## Activity:
Output the lines of the listing below exactly, starting at the line containing "BT - 2015 - LWE 200 - Stapelaar" and stopping after the last line, with any pictures dropped.

## Data extract:
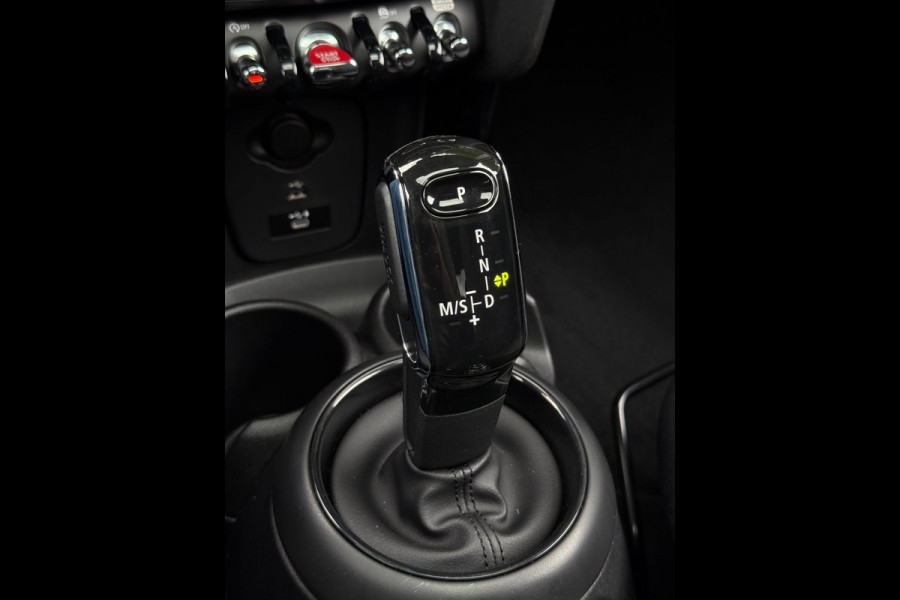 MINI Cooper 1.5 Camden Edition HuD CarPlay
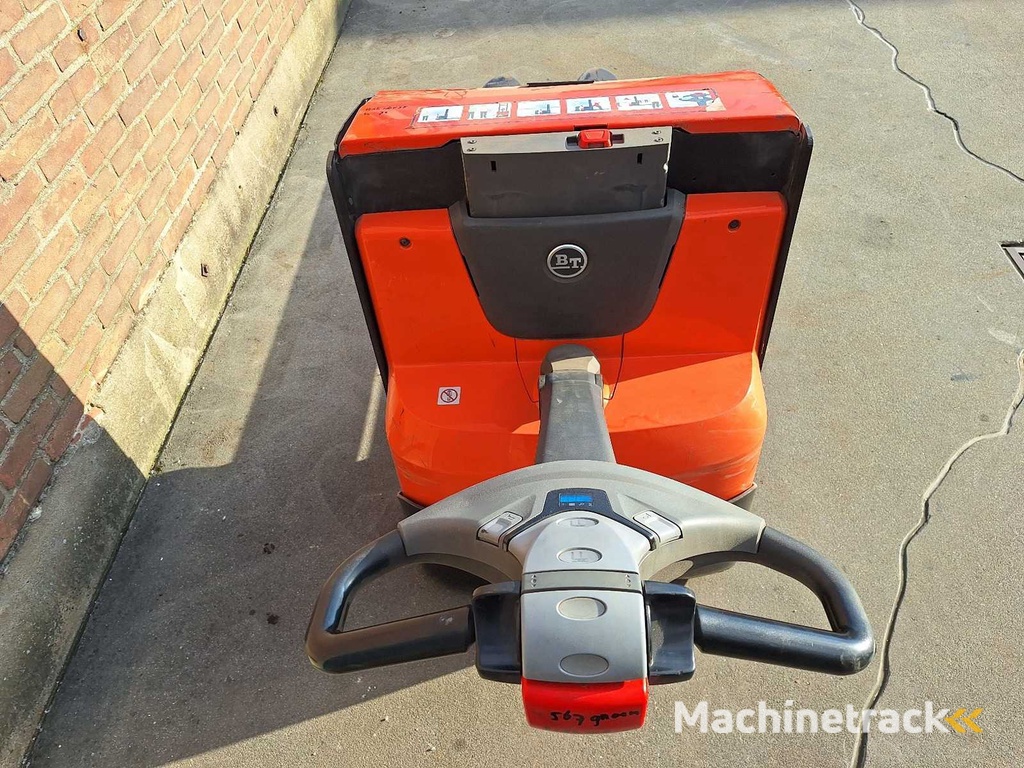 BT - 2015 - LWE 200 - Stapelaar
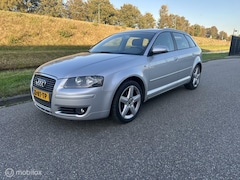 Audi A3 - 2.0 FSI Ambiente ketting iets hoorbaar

## Written reply:
 BT - 2015 - LWE 200 - Stapelaar
 Audi A3 - 2.0 FSI Ambiente ketting iets hoorbaar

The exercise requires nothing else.